Cresci numa família cheia de mulheres, rodeada por histórias marcantes de coragem e de superação. Curiosa desde sempre, gostava de ouvir histórias antigas sobre a juventude das minhas tias, da minha mãe, dos meus avós.


Em uma ocasião dessas, descobri que o meu avô não tinha sido o primeiro marido de minha avó, o que para uma menina de 9 anos era algo estranho de imaginar. Movida pela vontade de entender mais sobre quem era a mulher, e não somente a avó, comecei a fazer uma série de perguntas sobre a vida dela, sua infância, seus pais, irmãos e o tal primeiro marido. Descobri que na época da minha avó as mulheres casavam muito cedo, como foi o caso dela, que aos 17 anos já era mãe e se viu motivada pela maternidade e pelo instinto de defender suas crias, a romper com um casamento cheio de conflitos.

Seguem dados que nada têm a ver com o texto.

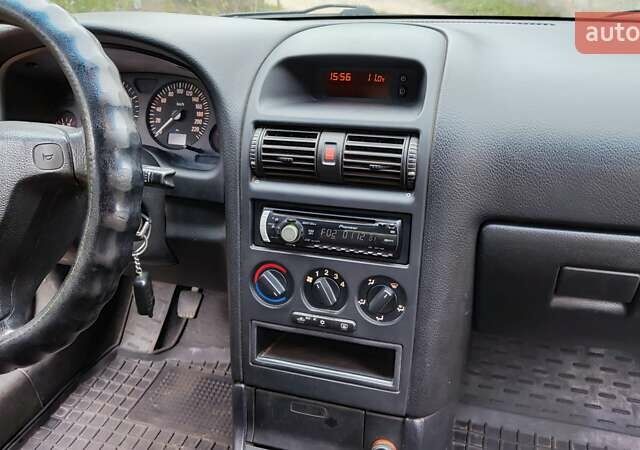 Серый Опель Астра, объемом двигателя 1.6 л и пробегом 198 тыс. км за 4600 $, фото 3 на Automoto.ua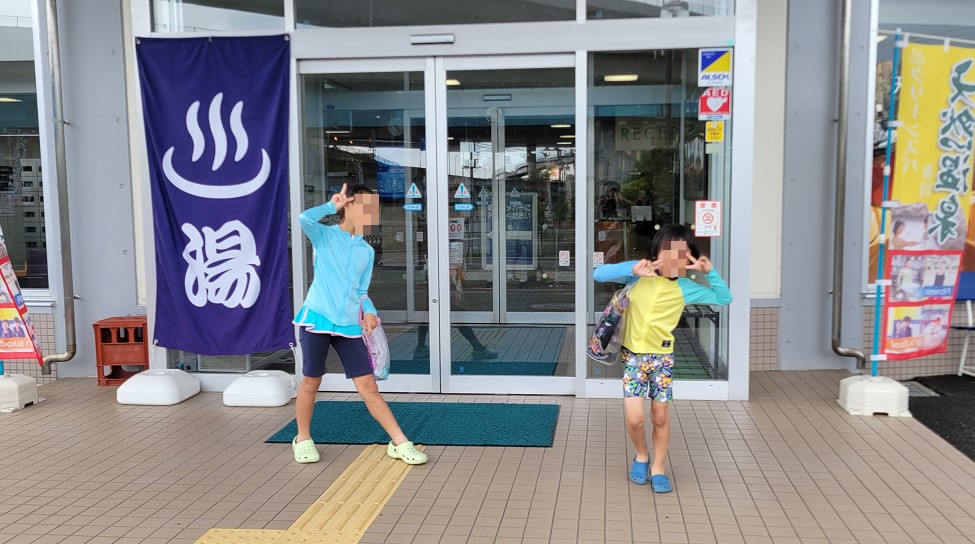 少し天気が悪いので、プールの受付は行列でした。平日なのに・・・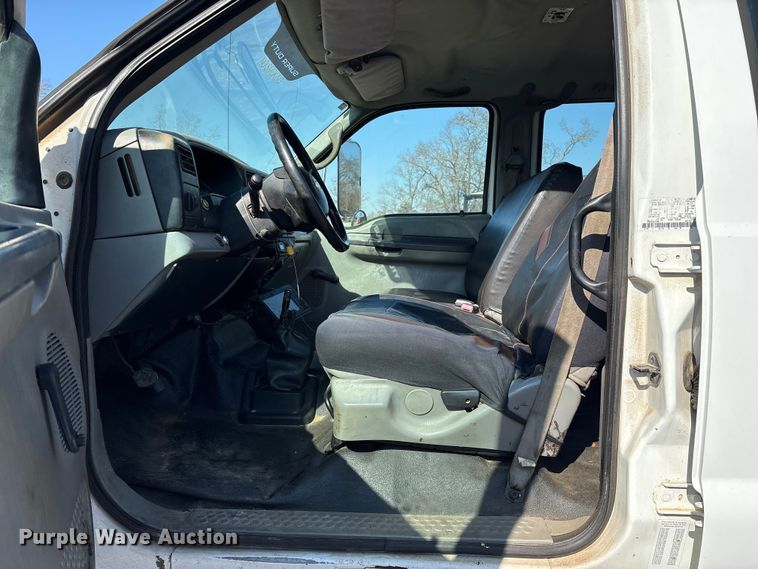 image for item ES8544 2008 Ford F650 Super Duty Crew Cab utility / service truck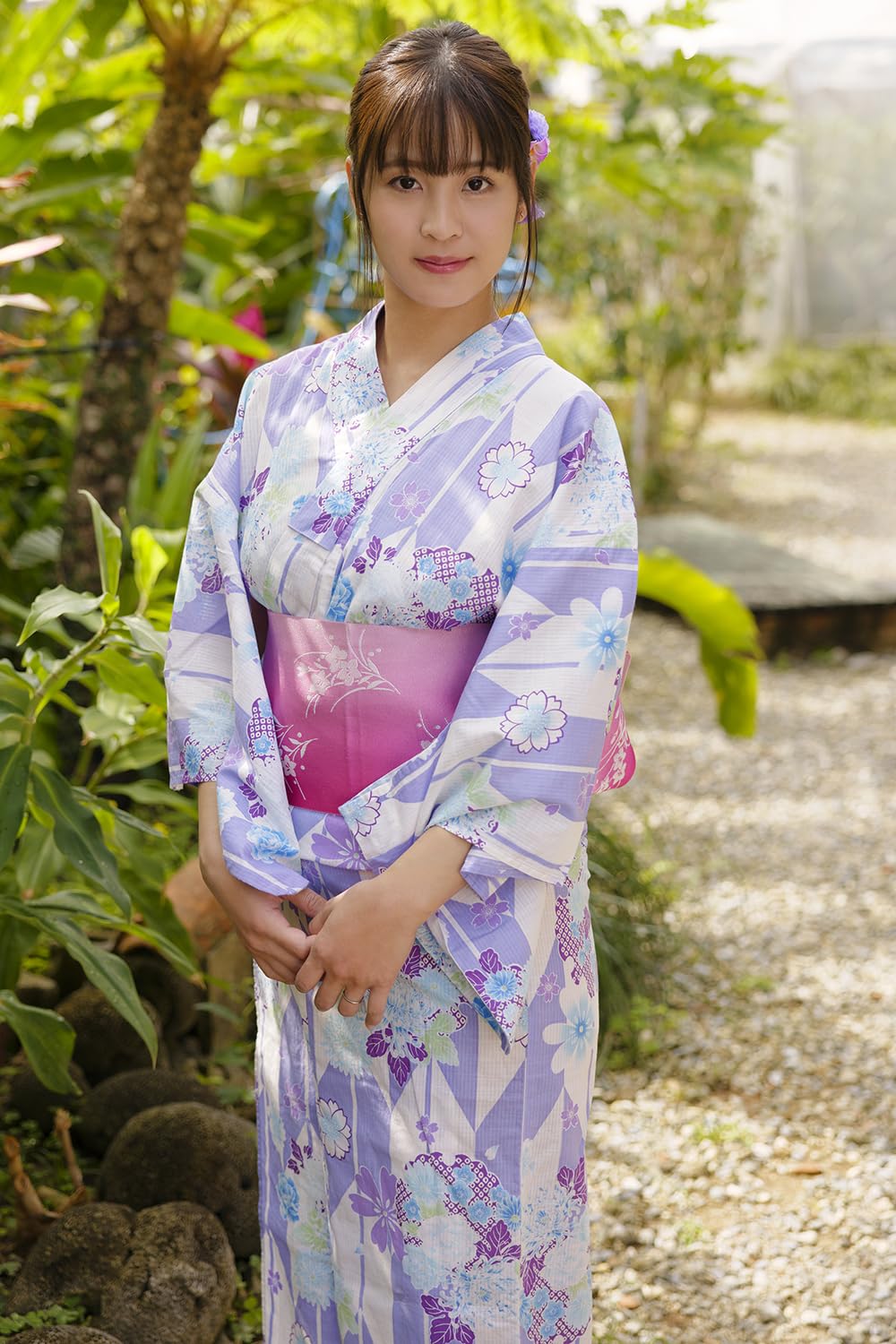 Kaho Tamashiro Photo Book "Kanasan"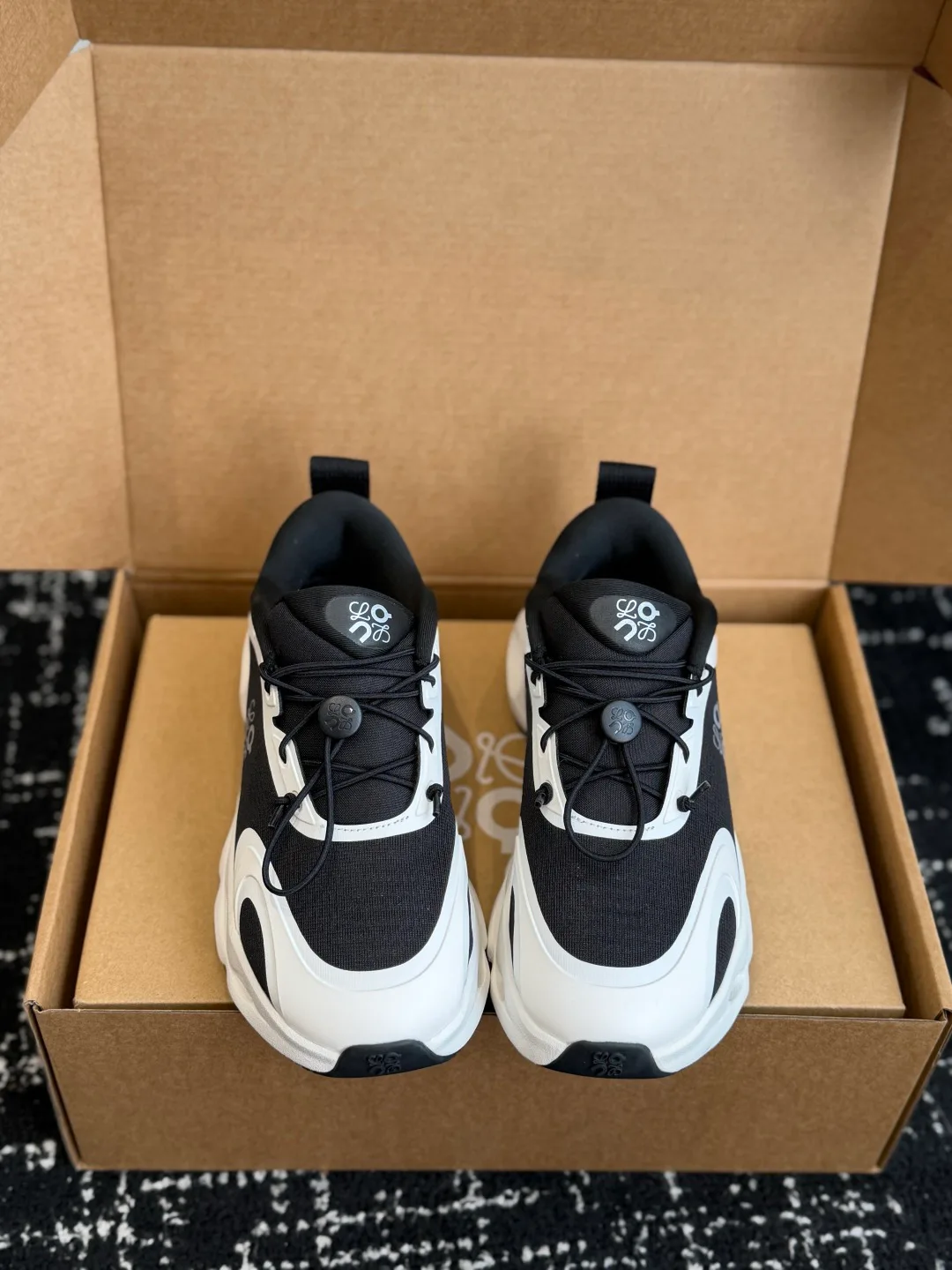 Women's Sneakers LOEWE 18139561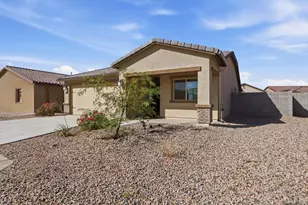 25744 W Winston Dr, Buckeye, AZ 85326 - Photo 3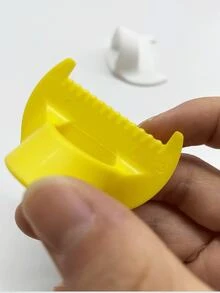 Thước đo may thủ công khoảng cách 3mm/4mm, thước phụ trợ định vị chính xác, giúp tạo ra các mũi khâu đều và gọn gàng, phù hợp cho người mới bắt đầu và người làm thủ công. - Thước đo khoảng cách may - Xem 3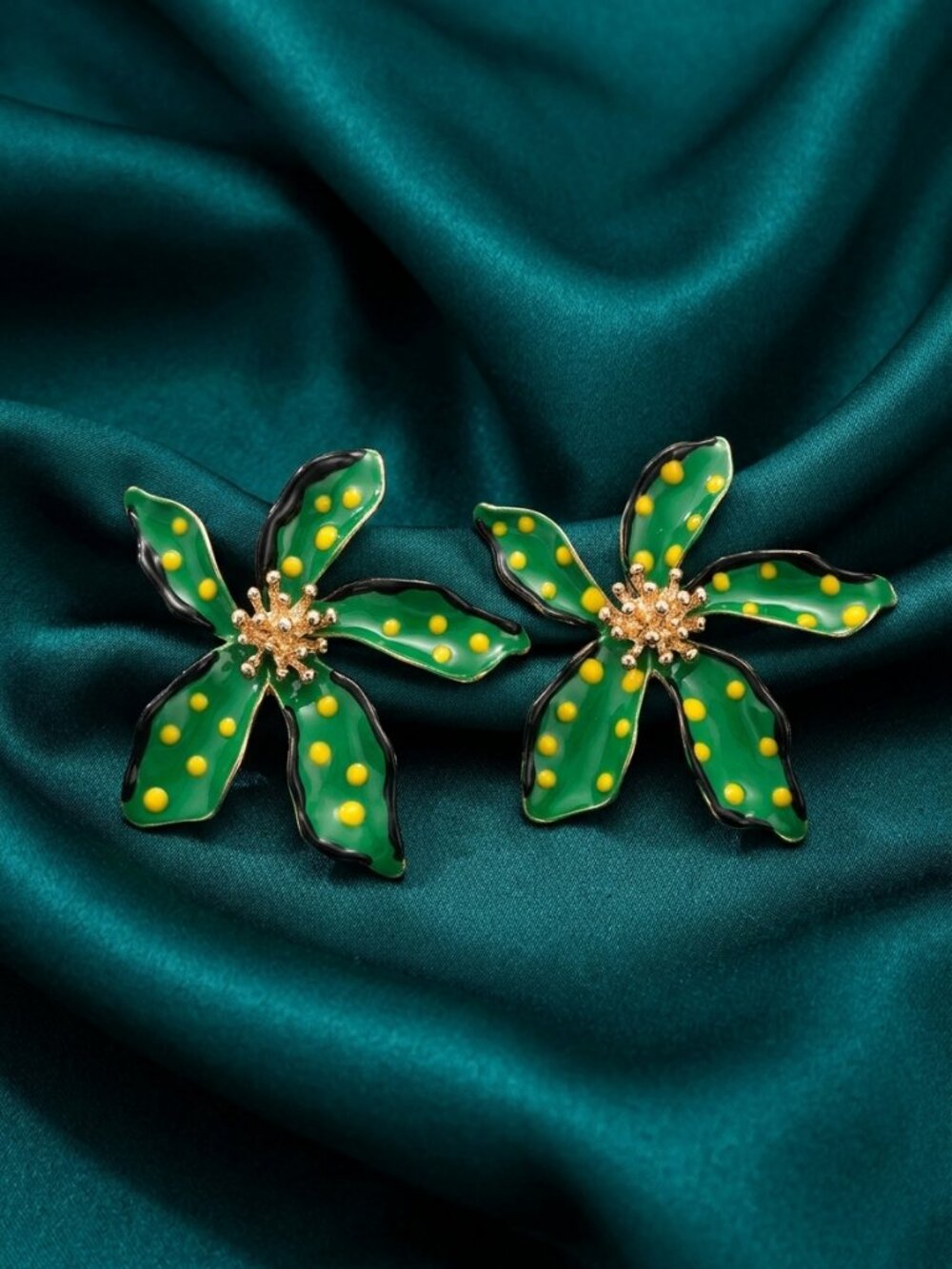green leaf earrings floral cute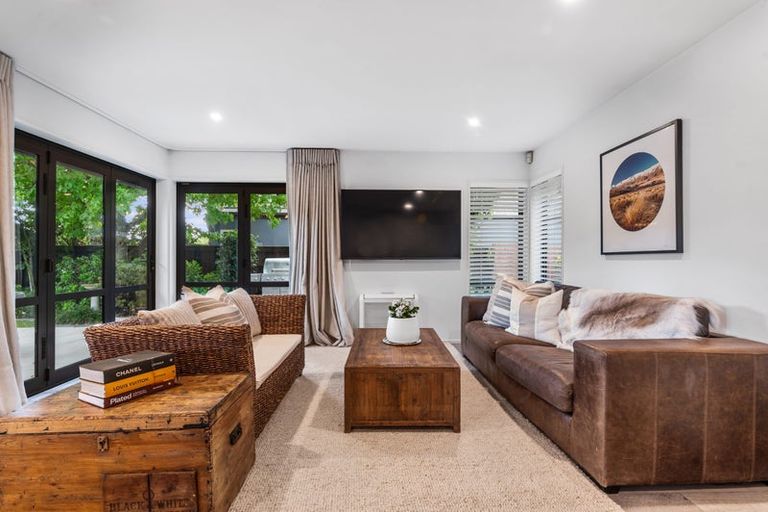 Photo of property in 100 Gardiners Road, Harewood, Christchurch, 8051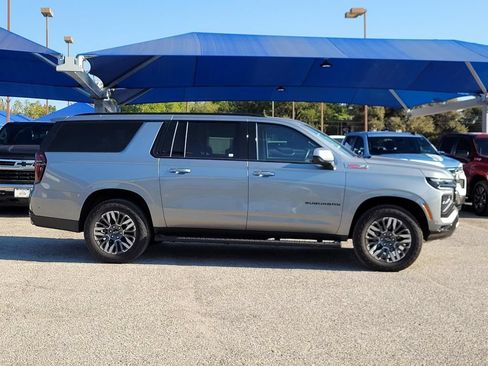 Used 2025 Chevrolet Suburban Z71 AWD/4WD image 7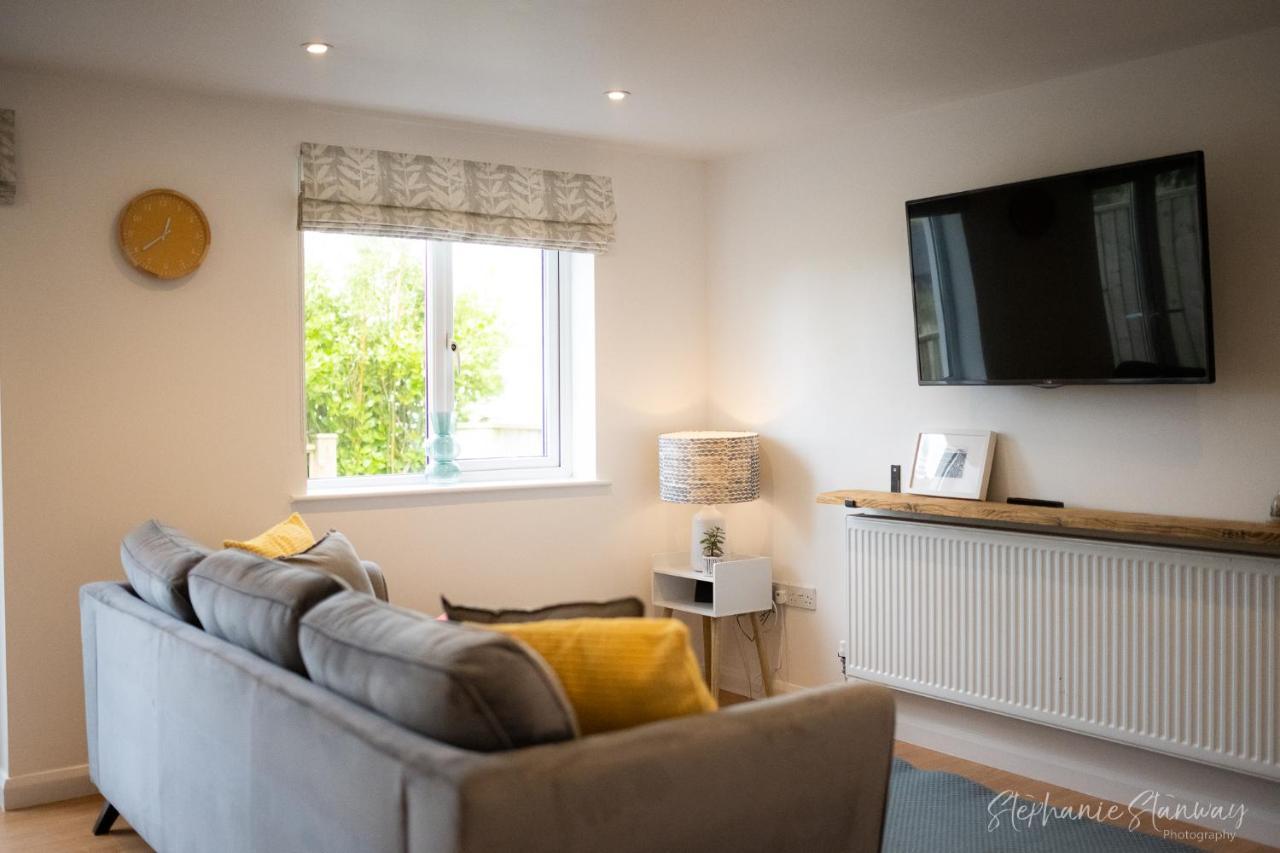 The Lookout, Modern Home From Home, Sleeps 5, With Private Parking & Outside Terrace St Ives  Luaran gambar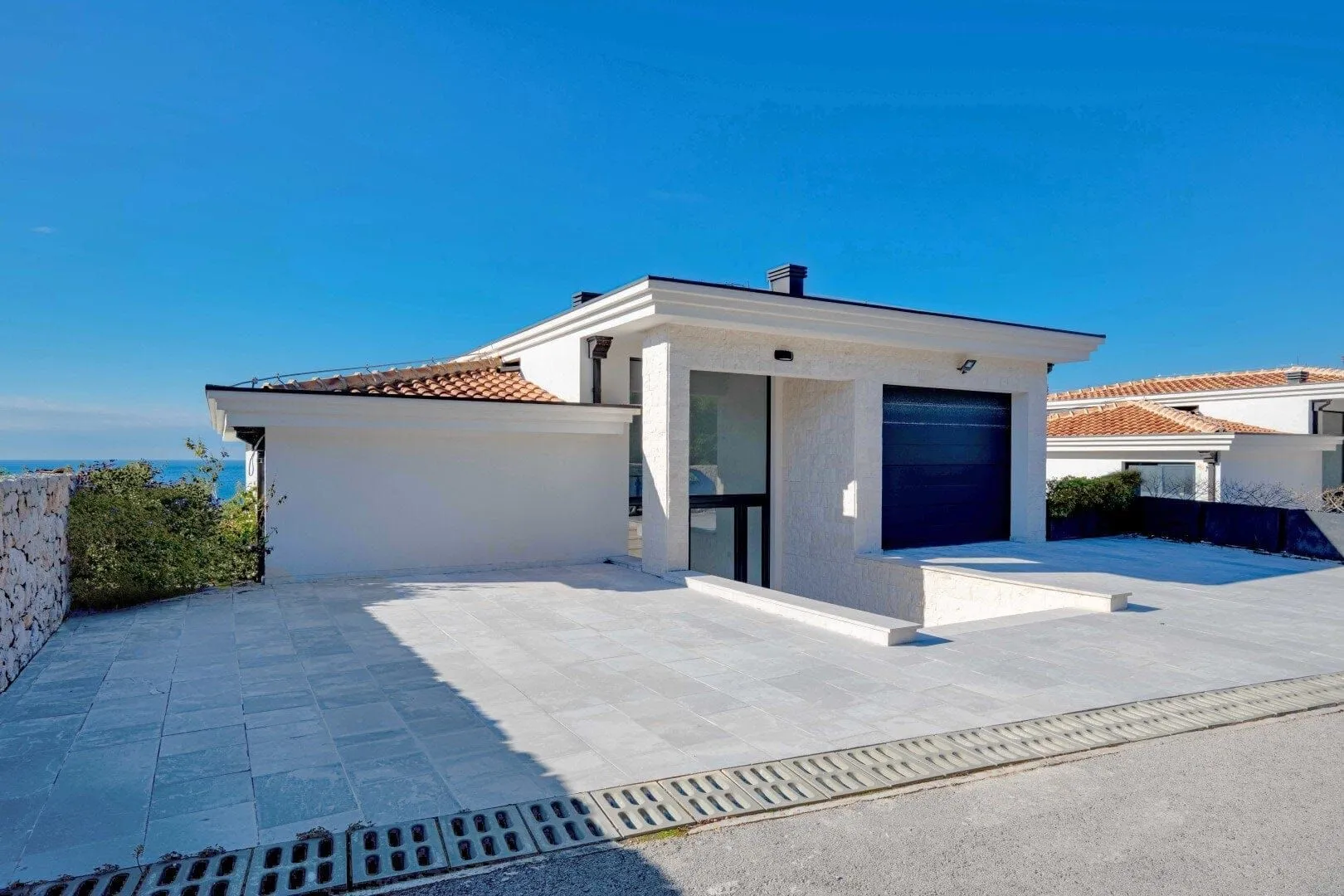 Sale, house, 370m², Utjeha, Bar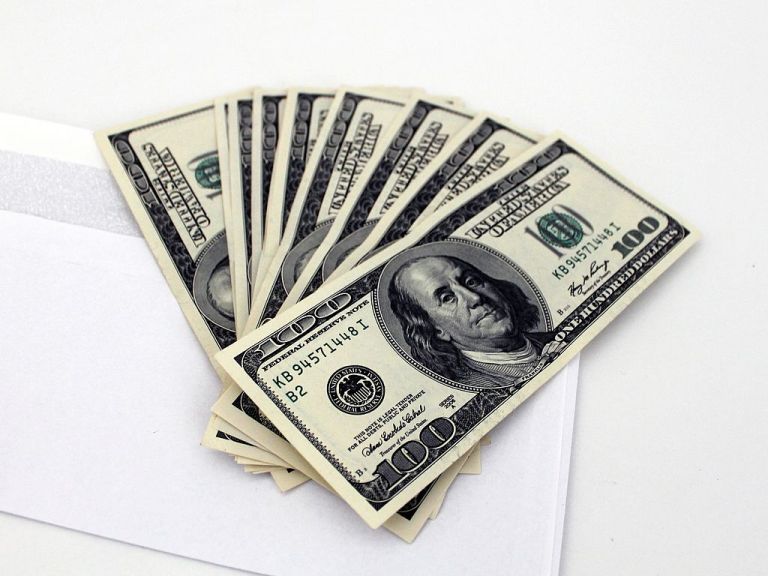 Moustafa Ahmed Ibrahim of Harrisonburg, Va., was charged with giving $15,000 in bribes to two General Services Administration officials from October 2007-November 2009. (Wikimedia Commons)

Com os olhos marejados ela me disse que teve que seguir em frente. Na época eu não compreendi, mas hoje entendo que o que ela quis dizer com “seguir em frente” podia se referir a muitas coisas, ainda incompreensíveis para uma criança. Hoje também entendi a coragem que foi preciso para romper com esse casamento, pois ser “desquitada” naquela época era algo abominável. Segundo ela, anos mais tarde casou com meu avô, teve mais filhos, construiu uma família.

Obviamente, o casamento deles não era perfeito. Ao contrário, era um relacionamento como tantos outros, marcado por aspectos culturais, derivados da cultura patriarcal. Porém, havia uma diferença, ela tinha encontrado sua voz e não se permitiria abrir mão dela nunca mais.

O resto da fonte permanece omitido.